La chronique de Stéphane Bern: billets verts transparents
La chronique de Stéphane Bern: billets verts transparents
Par Stéphane Bern
Vespasien prétendait que « l’argent n’a pas d’odeur » mais deux mille ans plus tard l’éthique fait une percée timide et prend même le pas sur les intérêts économiques. En France, le ministère de la Culture vient de rembourser au cimentier Lafarge son mécénat de 200.000 euros pour contribuer à la modernisation du musée du Moyen Âge de Cluny. En cause, les soupçons qui pèsent sur la multinationale d’avoir soudoyé l’Etat islamique pour maintenir ses activités en Syrie alors que le pays s’enfonçait dans la guerre.
Le monde culturel semble désormais se soucier des provenances des fonds financiers qui l’aident à boucler ses budgets. Ainsi le patronyme des Sackler, la famille américaine qui a bâti sa fortune sur l’Oxycontin, un antidouleur aux opiacés qui est accusé d’être responsable de la mort de milliers d’Américains devenus dépendants, a-t-il été masqué dans les salles du Louvre qui avaient été financées par ses dons.
Ainsi, cette semaine, les panneaux de plusieurs salles consacrées aux Antiquités orientales étaient recouverts de morceaux de ruban adhésif pour masquer la mention «aile Sackler», encore gravée sur les plaques. Cette section du Louvre arborait le nom de la famille américaine depuis un don de sa part en 1996.
«Ça va être un exemple suivi par d'autres musées»
Début juillet, l’association américaine PAIN (Pain Addiction Intervention Now) avait organisé une manifestation devant le musée pour lui réclamer de débaptiser cette aile. Menée par la photographe Nan Goldin, ancienne accro aux antidouleurs, l’organisation milite pour inciter les institutions culturelles à s’éloigner de la famille Sackler, au vu de son rôle dans la crise des opioïdes responsables de dizaines de milliers de morts aux États-Unis.
Le président du Louvre, Jean-Luc Martinez, avait expliqué que le musée n’a « pas à débaptiser ces salles puisqu’elles ne portent plus le nom de Sackler »: les règles internes à l’institution prévoient que le « nommage » d’une salle dure «20 ans» maximum.

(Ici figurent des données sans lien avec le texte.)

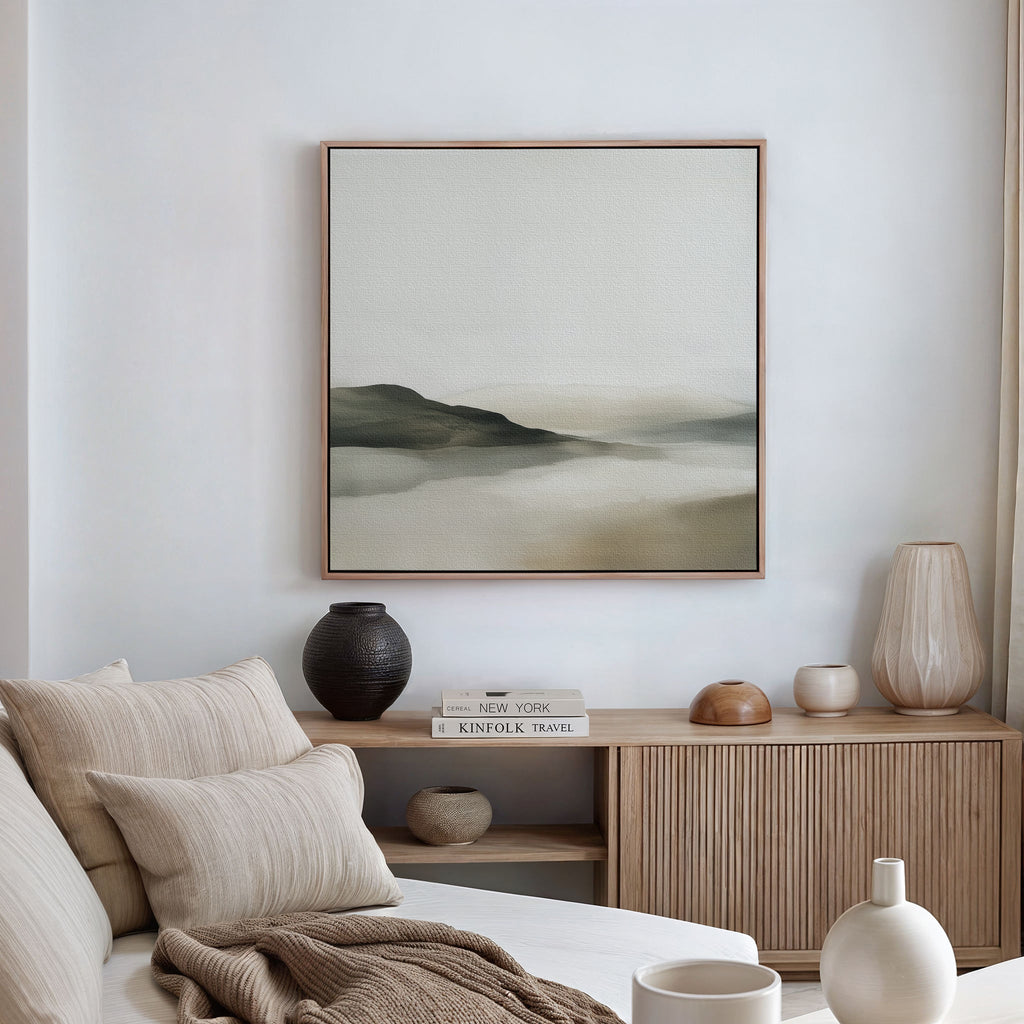Whispering Hills at Daybreak – beige and white landscape canvas wall art print by Aspire Prints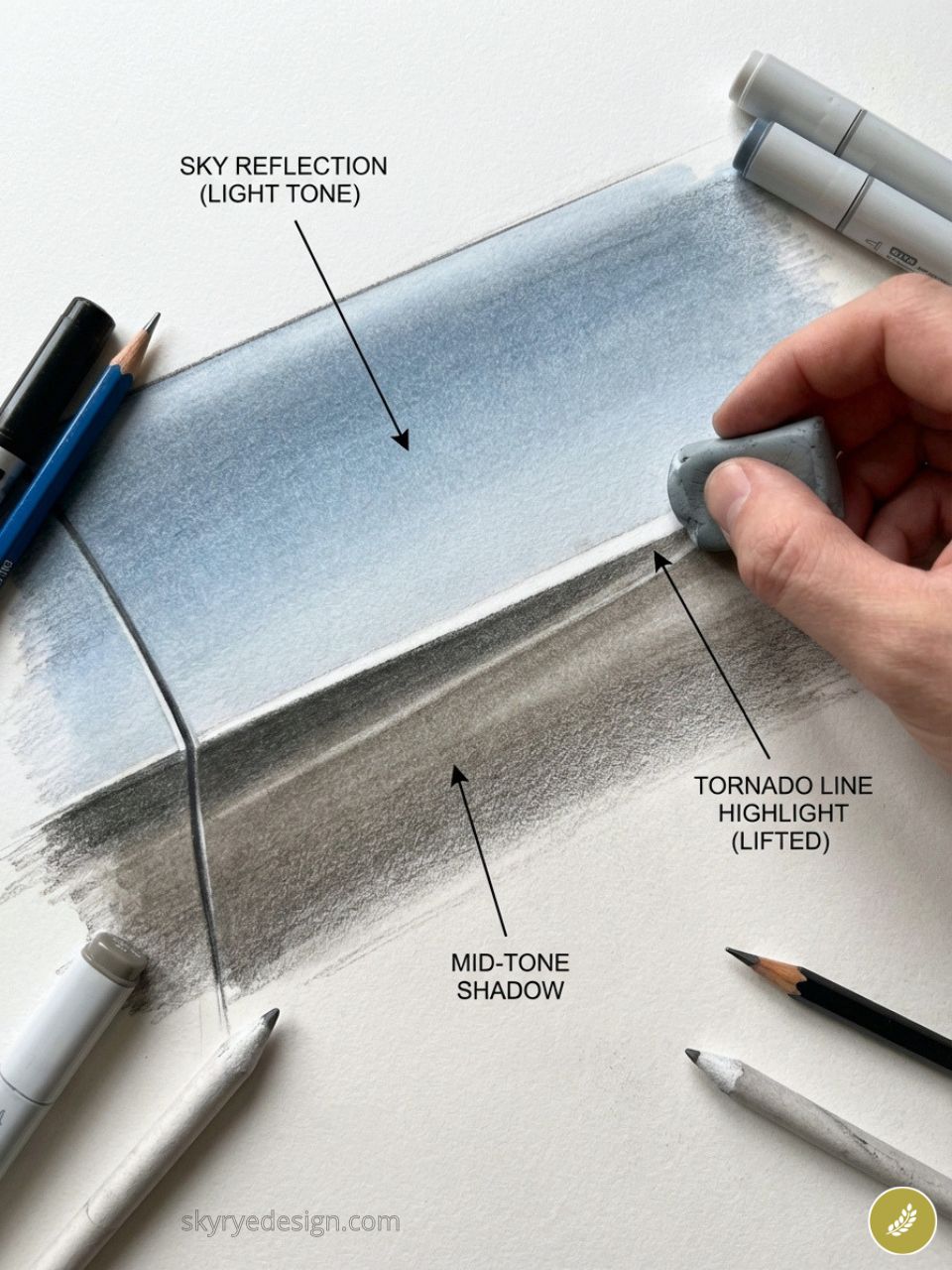 Hand lifting highlight on automotive panel sketch with sky reflection, mid-tone shadow, markers and pencils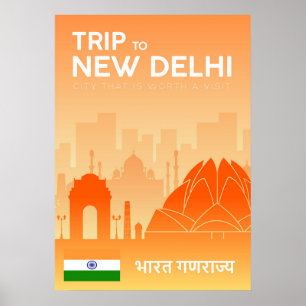 Neu-Delhi Indien Poster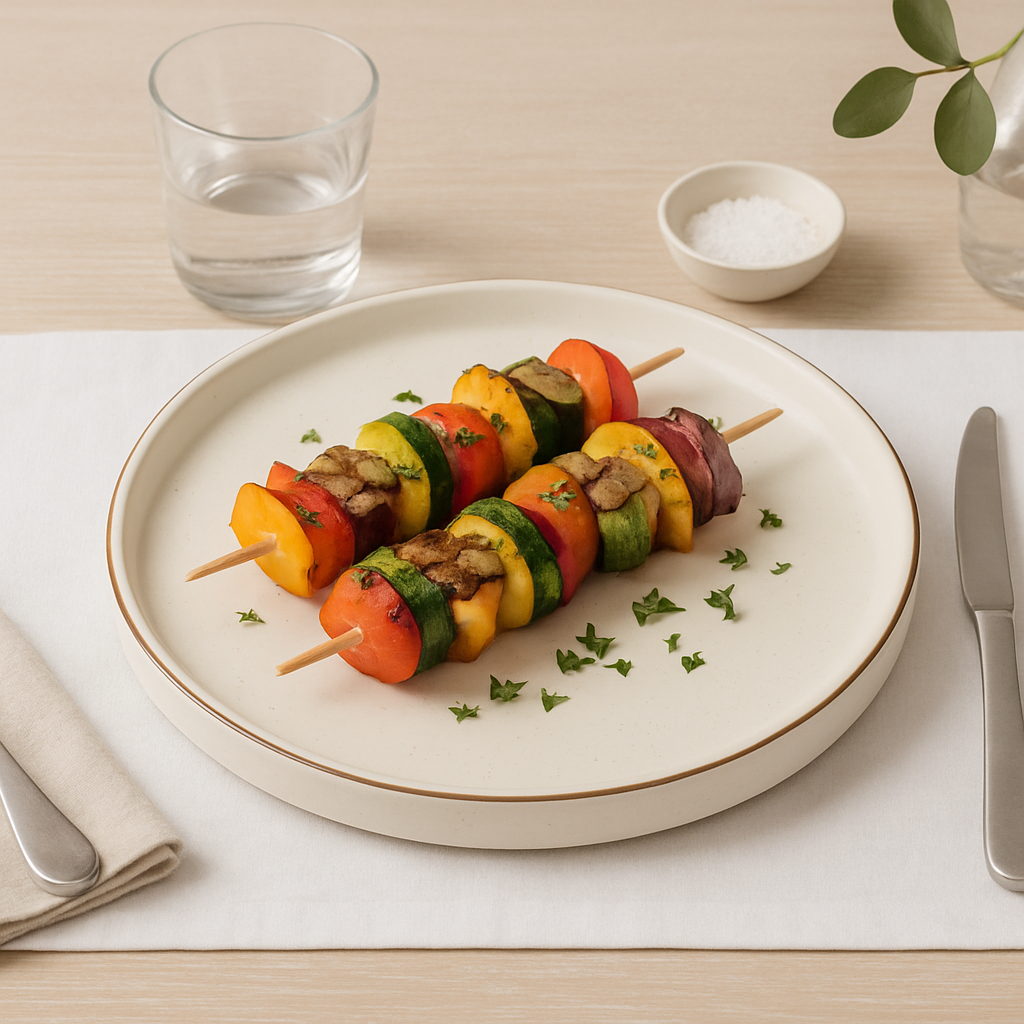 Handmade Ceramic Full-Size Dinner Plate with Brown Rim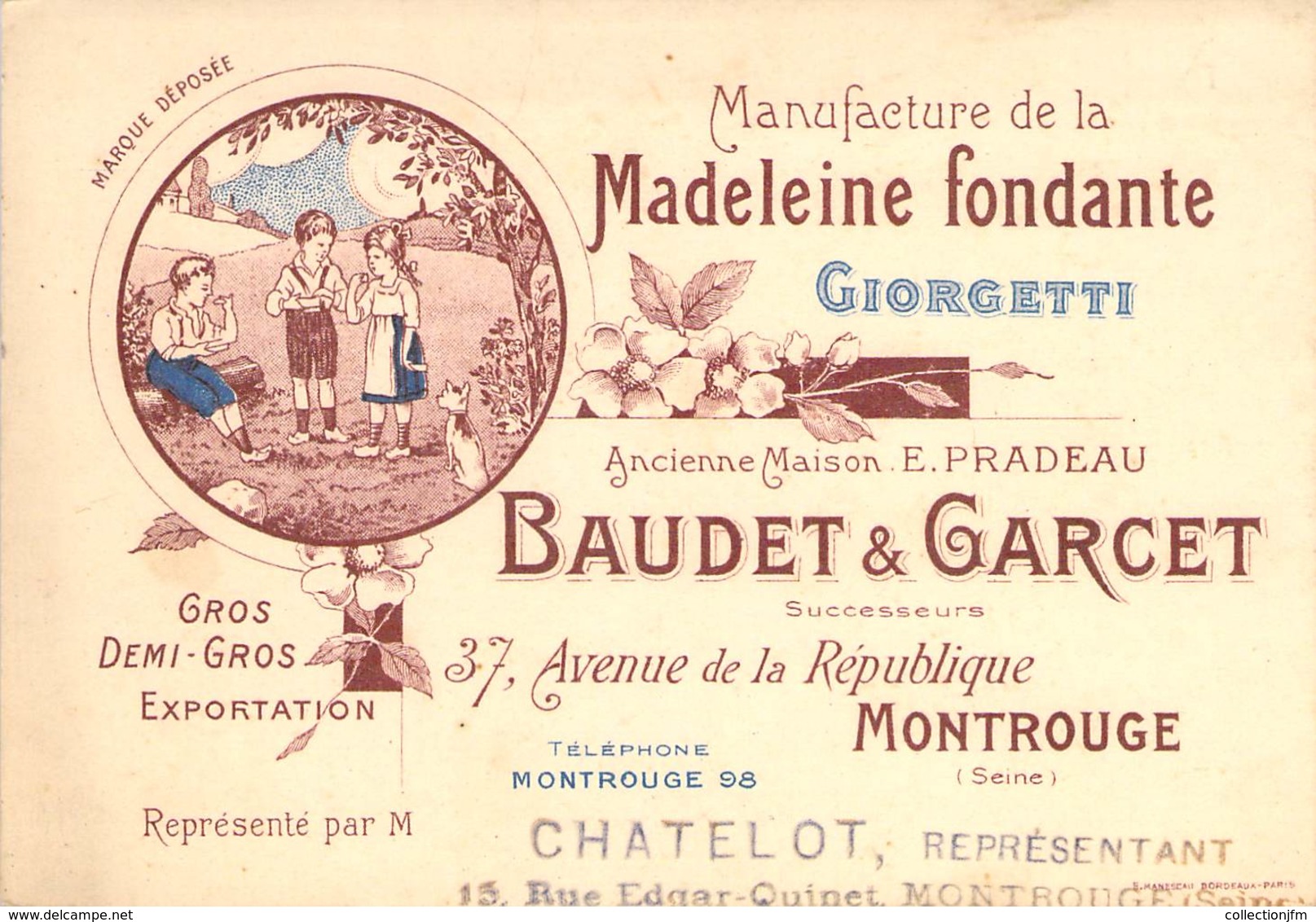 CPA / CARTE DE VISITE FRANCE 92 "Montrouge, Avenue De La République, Manufacture De Madeleines, BAUDET & GARCET" - Montrouge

Sous-entendu: le nom «Sackler» ne serait plus associé au Louvre depuis 2016.
Le musée aurait-il oublié d’effacer les mentions «aile Sackler» sur ses panneaux depuis trois ans ? Pour un représentant de l’association Pain, c’est une satisfaction, même s'il aurait aimé que le Louvre le fasse plus officiellement.
Ces derniers mois, la National Portrait Gallery, la Tate Gallery de Londres, le Metropolitan Museum ou encore le Guggenheim de New York ont renoncé aux dons des Sackler face à cette polémique. Mais le Louvre «est le premier à débaptiser. Ça va être un exemple suivi par d’autres musées», a-t-il espéré.
Très influents au sein du gotha new-yorkais, les Sackler ont construit leur réputation grâce au mécénat, et bâti leur fortune sur l’Oxycontin, le puissant antidouleur accusé d’être à l’origine de la crise des opiacés. Il est à espérer que pour servir, les billets verts devront désormais être lavés de tout soupçon.